Born Edward Bootle-Wilbraham on 12 December 1837, his father was Hon. Richard Bootle-Wilbraham, son of the 1st Baron Skelmersdale. His father having died in 1844, Edward succeeded to the title of 2nd Baron Skelmersdale at the death of his grandfather in 1853 and took his seat in the House of Lords on his 21st birthday in 1858.
He was educated at Eton and at Christ Church, Oxford. Between 1866 and 1868 he held the office of Lord in Waiting. He served in the Conservative administrations of Benjamin Disraeli as a Government Whip from 1866 to 1868, and then as Conservative Chief Whip in the Lords. He was admitted to the Privy Council in 1874 and in 1880 he was created Earl of Lathom. Lord Lathom later held office under Lord Salisbury as Lord Chamberlain of the Household from 1885 to 1886, from 1886 to 1892 and from 1895 to 1898.

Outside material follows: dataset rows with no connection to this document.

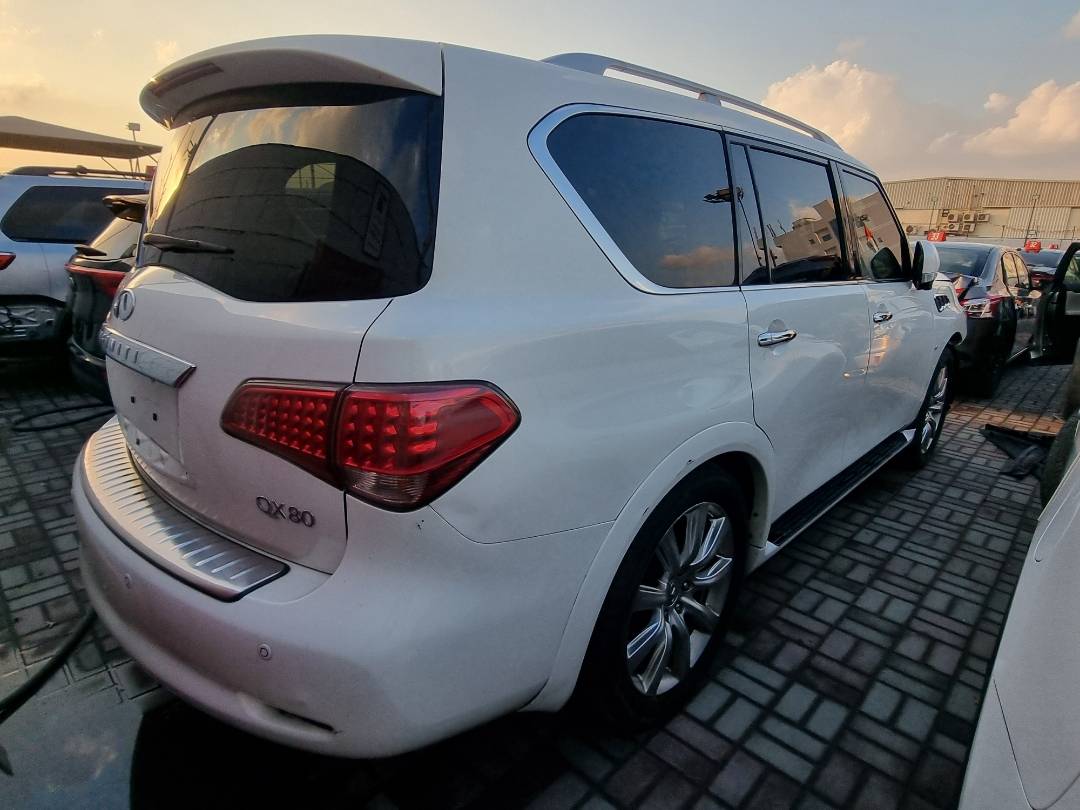2014 INFINITI QX80 — 140148 Miles — Lot 214578 — Main - Marhaba Auctions Used Cars - Image 4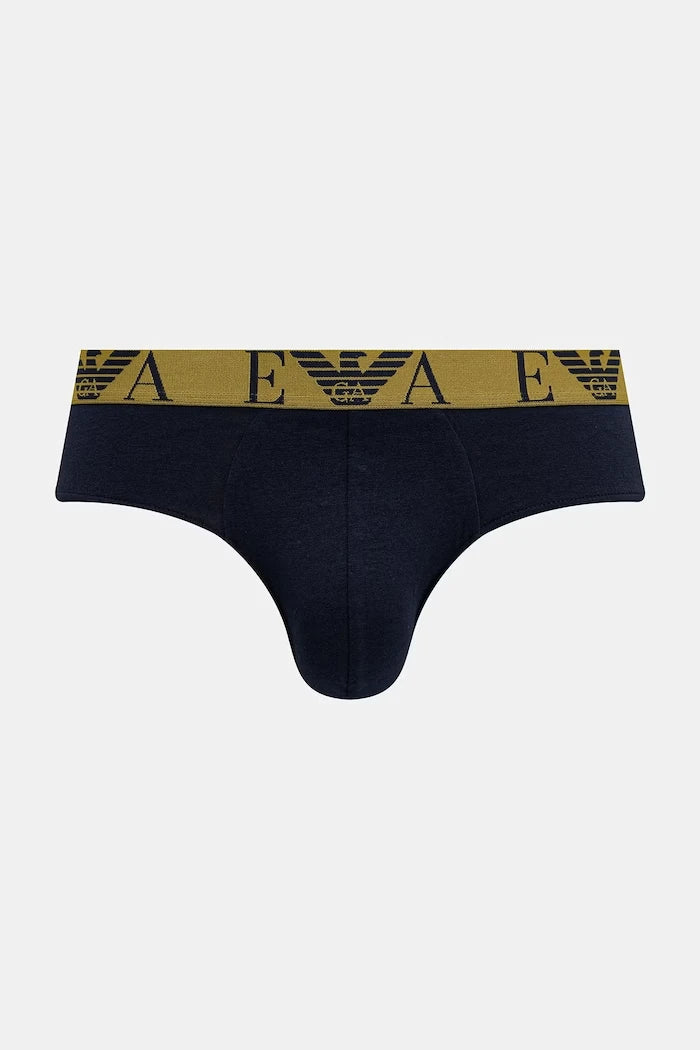 Emporio Armani Underwear erkek pamuklu elastan slip 3'lü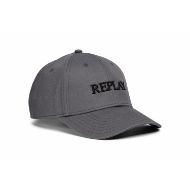 Picture of REPLAY UNISEX CAP WITH BILL GREY 1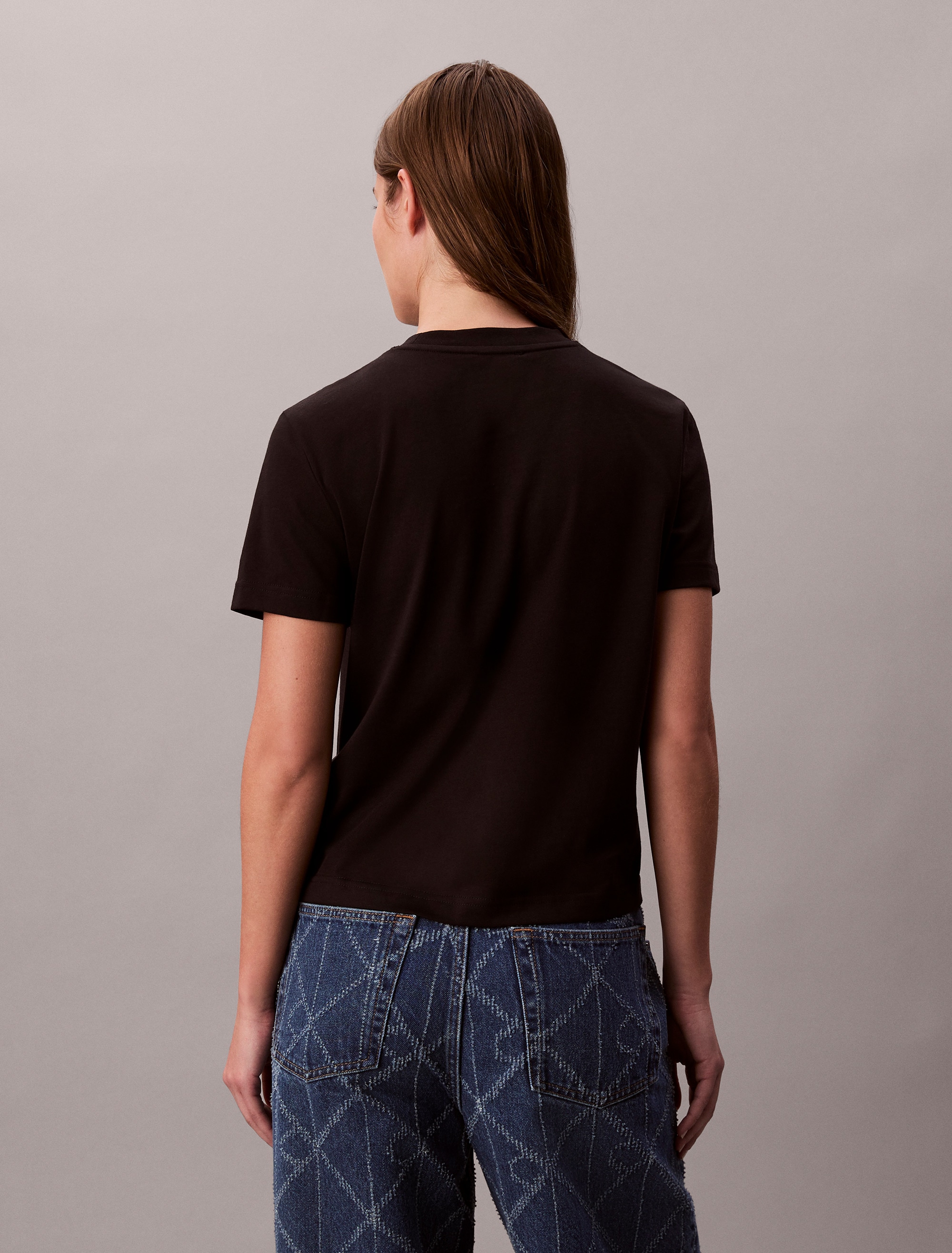 Calvin Klein Jeans T-shirt »SS FITTED SCRIPT CALVIN KLEIN TE« Mit Rundhalsausschnitt, regular fit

He married Lady Alice Villiers, daughter of the statesman Lord Clarendon, on 16 August 1860. They had nine children. She died on 23 November 1897, killed in a carriage accident.
The following report of her death appeared in The Times (24 November 1897): ‘We regret to announce the death of the Countess of Lathom as the result of a carriage accident yesterday. It seems that Lady Lathom was driving a phaeton drawn by two horses, and seated with her in the vehicle were Lady Leitrim and Lady Evelyn Mason, while a coachman sat behind. Her ladyship was driving home to Lathom-house, Ormskirk, so as to superintend arrangements for the dinner party when the shooting party got back. When the vehicle was entering Lathom-park from Dalton one of the reins which Lady Lathom held slackened and got under the tail of one of the horses. This irritated the animal, and made it restive. It swerved aside and one of the wheels of the phaeton struck against a heap of stones. Both horses became unmanageable, and as a result the vehicle was overturned, and the three ladies were thrown out. Lady Leitrim and Lady Evelyn Mason were thrown into the road and sustained no injury beyond slight bruises. Lady Lathom, however, was cast on to the margin of a roadside ditch, and a horse seems to have kicked her into the water. The ladies with the help of the coachman got Lady Lathom out of the ditch as rapidly as possible, but it was at once perceived that she had sustained very serious injury, and was unconscious. The coachman immediately brought Drs. Morris and Pendlebury to the spot, and these gentlemen had the injured lady removed on an ambulance to Lathom-house, where everything possible was done. Meanwhile, a mounted messenger was despatched to give the sad information to Lord Lathom, who was with the shooting party. His lordship rode rapidly home, and arrived at Lathom-house just in time to see his wife die. So far as could be ascertained the Countess succumbed partly to the effect of concussion of the brain and partly to that of immersion in water.’
Lord Lathom died the following year, aged 60, on 19 November 1898.
Photographed in 1860 by Camille Silvy of London.